Similar to Ramirez et al. [22], we generated a prior based on trend estimates computed using a data-centric prior algorithm. To develop the data-centric prior, we interpolated within the temporal data range using a piecewise cubic Hermite interpolating polynomial (PCHIP) interpolation [21]. PCHIP honors data limits and does not generate data outside the existing values. Next, we linearly extrapolated outside of the temporal data range to the extent of the imputation window to complete the prior estimate of the well data. We performed the extrapolation in two parts, as shown in Figure 4. First, we calculated four linear regressions for each side of the data using 10%, 25%, 50%, and 100% of the data. We prepared the data for least-squares regression by removing outliers greater than three standard deviations from the subset of data. This was performed to obtain the general direction of the data. In Figure 4, these estimates are shown as red, yellow, green, and blue lines for the trends based on 10%, 25%, 50%, and 100% of the data on each side, respectively. We build our linearly extrapolated trend by averaging the slopes of these four linear regressions as the average slope and the mean of the 10% data partition as the y-intercept to extrapolate the imputation limits on each side. We limited the extrapolated data to six standard deviations above or below the mean of all observations. We added this limit for situations where either the average slope used for extrapolation was large, or the extrapolation period was long, and the extrapolation resulted in unrealistic values. We then combined the interpolated data with the extrapolated data to generate a prior estimate of the well data.
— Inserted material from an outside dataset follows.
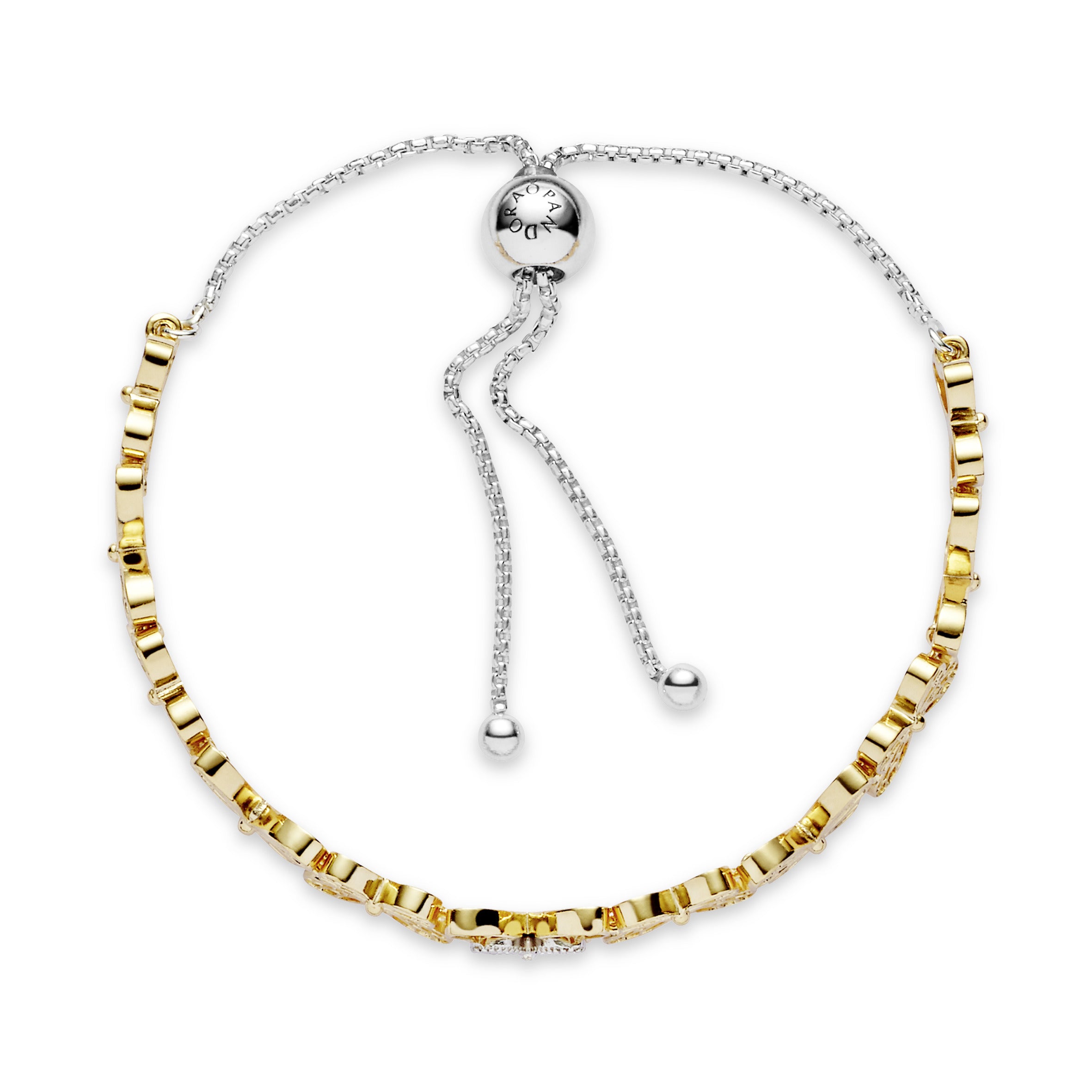 Openwork butterfly 14k Gold Plated and silver bracelet with sliding clasp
Figure 4 shows the prior as a gray line for an example well. In summary, we used PCHIP interpolation within the limits of the data, then extrapolated these to the limits of the study period: from July 1945 to June 2023. It can be noticed that the gray line follows regions with existing data closely, generates smooth curves over data gaps (e.g., 1955–1958), and extrapolates a weighted average trend outside the limits of the data (e.g., <1950 or >2018).
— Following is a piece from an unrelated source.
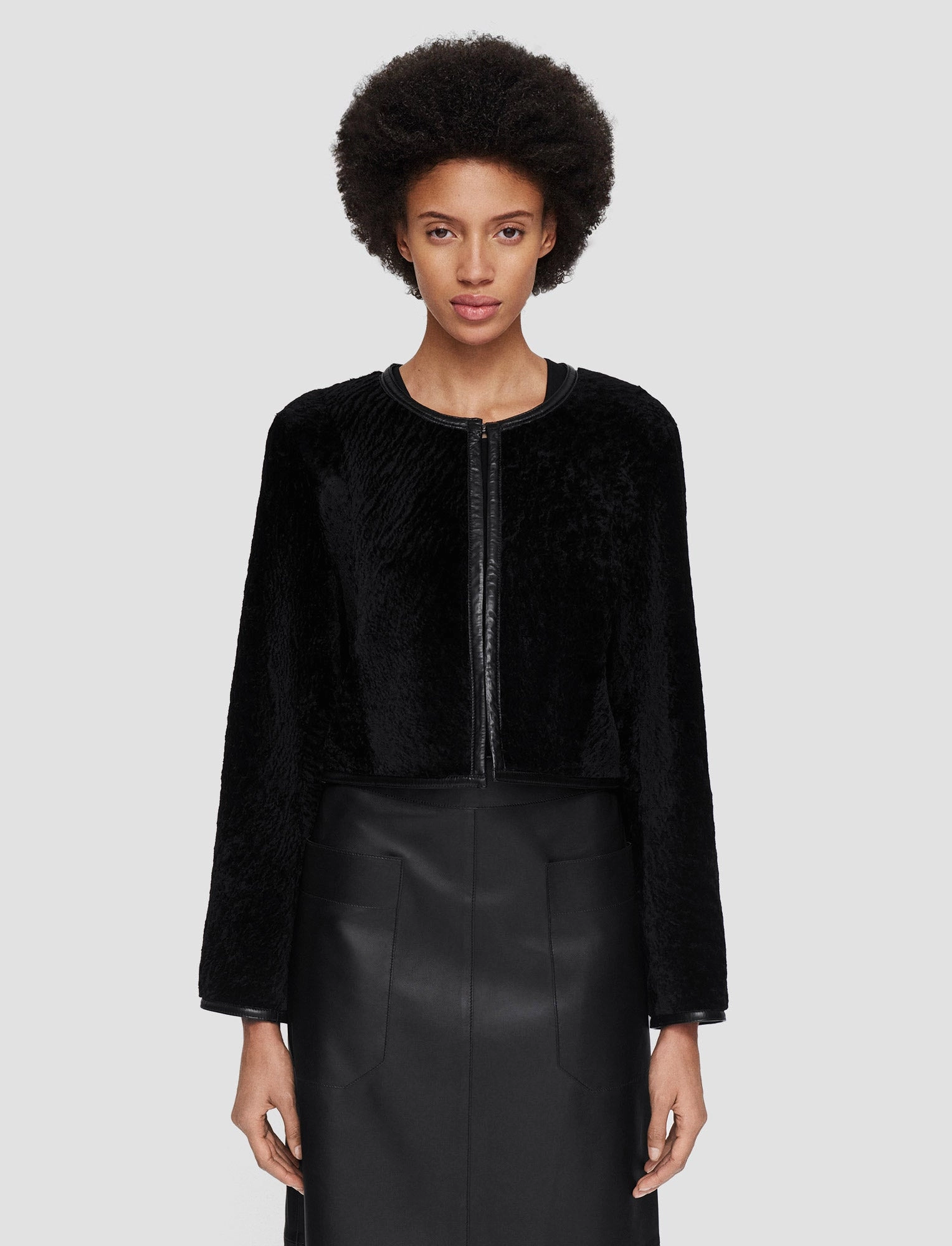 Thermal wear Wrinkle Resistant Material Maurice Embossed Shearling Jacket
Ramirez et al. [22] generated multiple prior features from the prior estimate to use as model features in varying window sizes. For the IRM model, we only generated one prior feature using a 24-month centered moving window to smooth the initial prior. Figure 5 shows this prior use as a model feature for the same well shown in Figure 4. We found that a window size of 24 months provided enough context on the structure of the data without overpowering relationships in the well features. Figure 5 shows that this prior feature does not exactly match the measured data but instead encodes the general trends. However, this prior constrains the model to rely on selected feature wells to fit the data rather than relying on the inductive bias from the prior generated by the researchers.

2.3.3. Temporal Features

We used thirteen temporal features to analyze the time series data in every model. Twelve of these features were created using one-hot-encoding, which is a technique that converts categorical variables, such as the months of the year, into multiple binary features. Each feature represents a single category, such as January or February, and has a value of 1 or 0. One-hot-encoding is useful because there is no inherent order or ranking in the categories, and it allows the model to understand the unique characteristics and patterns related to each month without assuming any ordinal relationship between them. This can improve the model’s ability to make accurate predictions, especially for data with seasonality [35] (Table 2).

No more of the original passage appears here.